Let’s be honest, sometimes the words ‘I’m sorry’ just aren’t going to cut it. For some of us or in certain situations those words roll off the tongue but are they really backed up by the feelings? For others or in different circumstances, thinking about uttering them seems to destroy a piece of our own identity (or more accurately, ‘ego’). That’s a whole other blog post, but for today let’s focus on the 4 parts to a meaningful apology.
1 – ACCEPT RESPONSIBILITY
If you say “I’m sorry, but you…”, you have basically just erased the first two words with the latter. Apologising is not about external justice, it’s about internal peace of mind. You don’t need to justify your mistake with the other person’s. Simply look for your part and take responsibility for it. It is not a competition about who has been hurt the most, this is about being a strong and emotionally intelligent person who is able to accept their own short-comings. To recognise the effect they’ve had on others without letting it affect their self-esteem or identity.
2 – RIGHT THE WRONG
After accepting responsibility, an apology becomes much more effective when you offer to do what you can to make it right. This is especially powerful if the other person is still in ‘victim mode’, meaning they are still wallowing in the pain you caused them or repeating the same details over and over again. The question “what can I do now to make this better?” forces them out of the past and into the present to help find a solution which would be meaningful to them.
3 – LEARN FROM IT
I’ve realised through life that apologising doesn’t mean the same to everyone. I think most people would include part 1&2 but including part 3 will make your apology so much more powerful for both of you. I was always taught that when you say sorry it also means that you won’t do it again. It’s very different to recognise you hurt someone and want to make it better but it’s a whole different thing when you take a look at WHY you did it and how to avoid doing it again in the future. Learn from your mistakes and also let the other person know that you intend to grow from the experience and will do your best not to repeat it.
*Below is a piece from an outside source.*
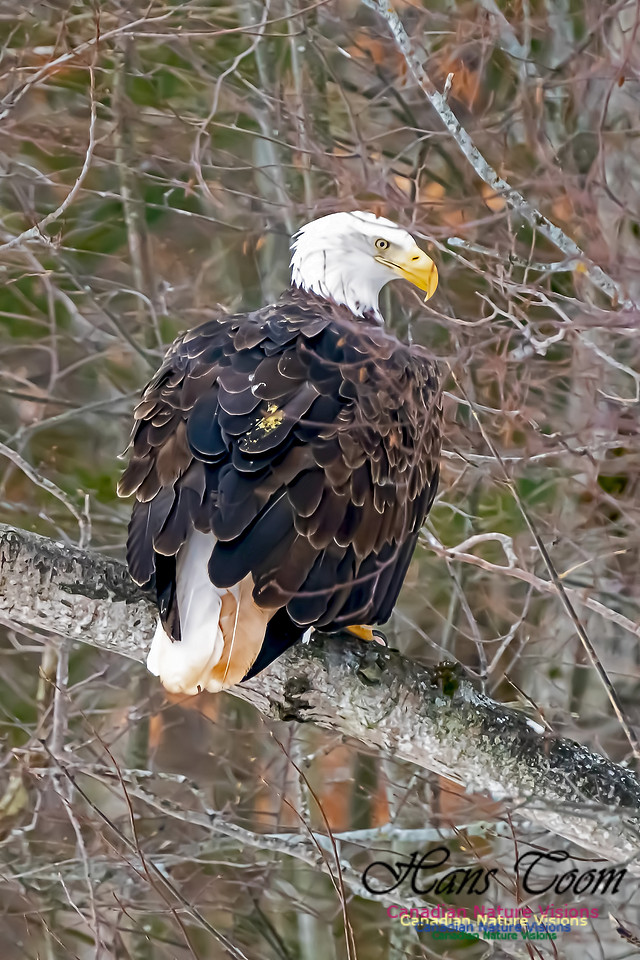 Bald Eagle 106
4 REQUEST (BUT DON’T EXPECT) FORGIVENESS
“How can I help you forgive me?” is an optional final step in apologising. I don’t think it’s necessary but it may be helpful if you think there is more to be said than what you heard in part 2. Most importantly, you must not apologise in order to get forgiveness. That is not a genuine apology. A genuine apology is offered as a gift. It is not a contract whereby the other person is obligated to forgive you. That being said, if you’ve included all these parts, chances are you will be forgiven. One other thing to mention (and it’s not something we get taught) – you are allowed to forgive yourself before the other person does. Yes, that’s right, you can let go of the guilt and the negative self-talk, even if the other person needs more time.
I would like to finish by saying that not all apologies are created equal. Sometimes the pain that has been caused it too great to even allow the space for a meaningful apology at the beginning. That doesn’t mean you should give up. On the contrary, you should keep trying and each time you might get one step further in the apology until you are finally able to express your full feelings of remorse and willingness to grow and improve. Patience is one of the most important skills in any relationship.